This description is misleading and almost entirely incorrect.
Si is not really physical. I would never say that Si means being in tune with your body. Si is only "physical" in the sense that it is based on sensory memory, and not on intuition and connecting dots (the dot-connecting is Ne). Sometimes it is like a gut feeling, but it's a gut feeling based on prior experience -- you may not remember that experience right away, but that precedent is constantly being referenced. The experience could have happened to someone else, in which case the experience is only sensory because you heard (with your ears) or read (with your eyes) someone discussing it.
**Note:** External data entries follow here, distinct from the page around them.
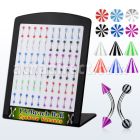 brbe3 display 60 bananas ceja acero quirurgico bolas conos acrilicos pelota sombrilla playa 3mm 8mm distribuidor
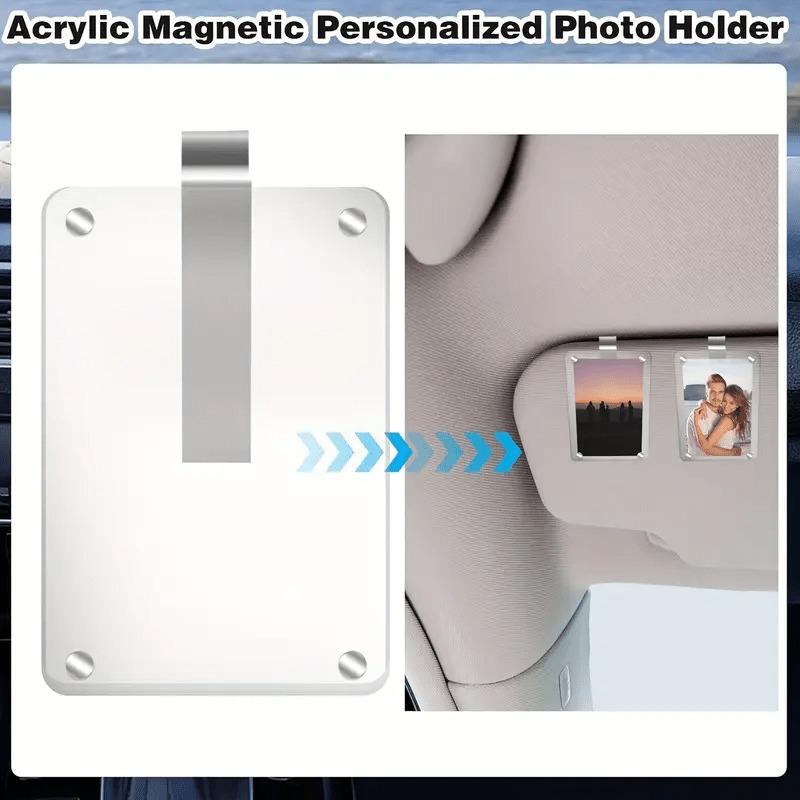 

2 magnetic car sun visor photo holders - transparent frame, rotatable horizontal and vertical hanging, wavy straight edge design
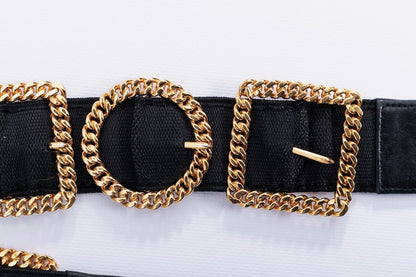 Ceinture noire et dorée Chanel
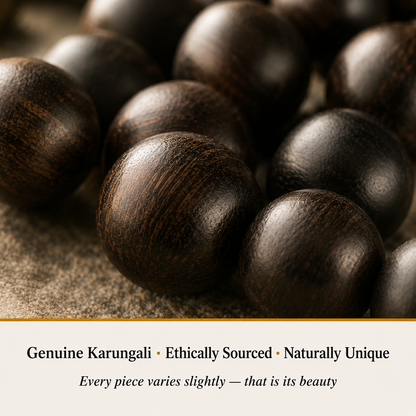 Close-up of Karungali Mala showing natural crystal texture and detail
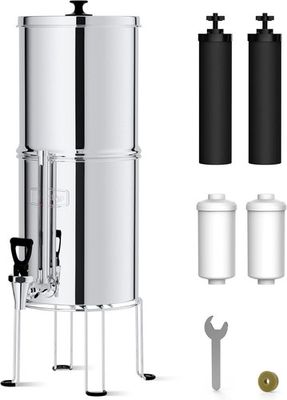 #ad Waterdrop Gravity fed 2.25G Stainless Steel Water Filter System with 4 Filters $146.40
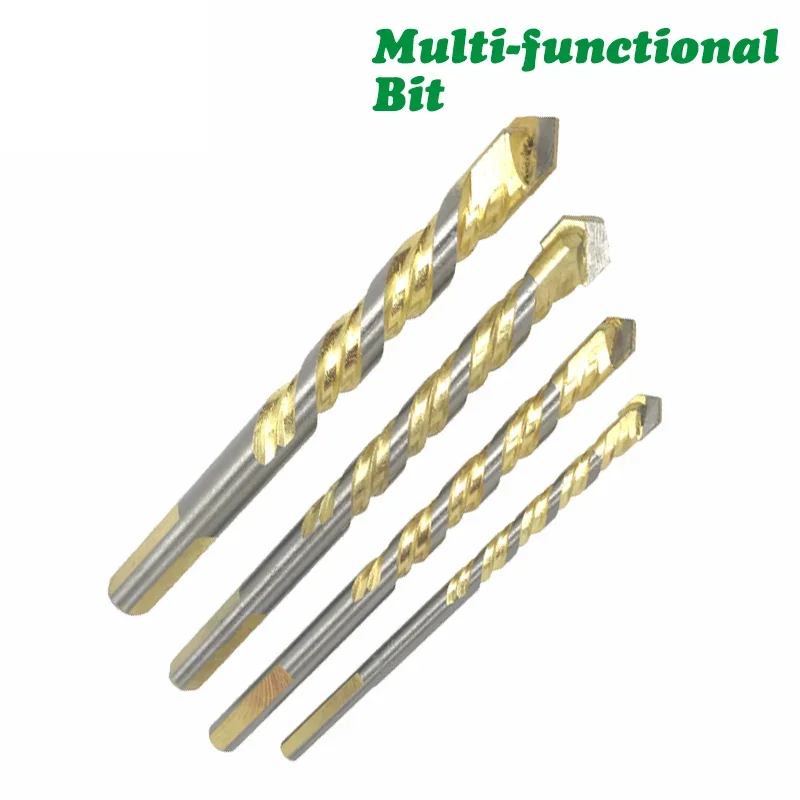 4PCS/Set 6 8 10 12mm Multi-functional Glass Drill Bit Triangle Bits For Ceramic Tile Concrete Brick Metal Stainless Steel Wood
Si is like being chained to an encyclopedia, or a filing cabinet full of documents. Before you can act on anything, or come to any conclusions, you have to reference those documents. All of your internal definitions are based on those documents. If one of them is rendered invalid, you have to put a replacement document into the same slot. Every single event that has ever happened to you, that you've ever read about, that ever registered with you in passing, is present in those documents -- and you may not even realize that you're referencing them, when you're referencing them. Only sometimes will an Si-user consciously think "What did others do in this situation, that I can learn from?" The rest of the time, it may, as you said, be a "gut feeling" -- thinking "that's unusual", because you've never seen anything done like that before, but not consciously going through every contrasting experience before thinking that.
The hammer is Te or Fe, not Si. Si is not about action. Si is about collecting and referencing data. Your "bull in a china shop" metaphor is much more about extroverted functions being backed by Si, than it is about Si itself.
Here's my favorite explanation of Si (in contrast with Ni):
As in the other thread, great clarifications. Thanks! So, following on from your thoughts . . .
One might expect people with strong Si to be much more interested in knowing things for the sake of knowing it, but I find it's the introverted intuitive types who seem to be most interested in in an idea or a fact simply for the pleasure it brings. How would you describe that process of taking in and cataloging all that data? Is it largely automatic and unconscious? If it's conscious, is it completely neutral, mechanical?
I don't know if I'm quite ready to acquit Si for it's role in the ESTJ's force of will just yet though ;-) You are correct that it's more precise to point out that the action part of that archetype is Te; Si is only responsible for the warehousing. I have had conversations with ESTJ's about painful past experiences, however, and I was struck by how nakedly painful it was to revisit those memories. The familiarity, I think, is key. I can see how a determined Te being multiplied by the visceral immediacy of Si would give the ESTJ more spit and vinegar than the average person.
Mind you, I'm also relying a bit on some logical leaps, perhaps. I find it really pretty easy to forgive past hurts, and I don't spend really any time dwelling on the past. 8th position Si has got to be good for something. lol
Have you done much with shadow functions and projection? I know how an ESTJ's 7th function Ni came across to me, a Ni dom. I'd be curious to hear from you (or any other ESTJ) what 8th position Si provokes in you as a reaction.